Description of the task
The entries below are to be reproduced in full, exactly as written.

[Short descriptive text snippets]
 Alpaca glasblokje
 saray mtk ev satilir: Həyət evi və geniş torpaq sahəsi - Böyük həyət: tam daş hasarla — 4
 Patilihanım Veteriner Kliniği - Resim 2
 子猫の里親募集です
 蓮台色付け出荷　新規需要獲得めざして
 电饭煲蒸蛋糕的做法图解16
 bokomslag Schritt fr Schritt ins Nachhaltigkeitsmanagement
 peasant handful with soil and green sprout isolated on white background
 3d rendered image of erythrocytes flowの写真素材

Answer to this task
 Alpaca glasblokje
 saray mtk ev satilir: Həyət evi və geniş torpaq sahəsi - Böyük həyət: tam daş hasarla — 4
 Patilihanım Veteriner Kliniği - Resim 2
 子猫の里親募集です
 蓮台色付け出荷　新規需要獲得めざして
 电饭煲蒸蛋糕的做法图解16
 bokomslag Schritt fr Schritt ins Nachhaltigkeitsmanagement
 peasant handful with soil and green sprout isolated on white background
 3d rendered image of erythrocytes flowの写真素材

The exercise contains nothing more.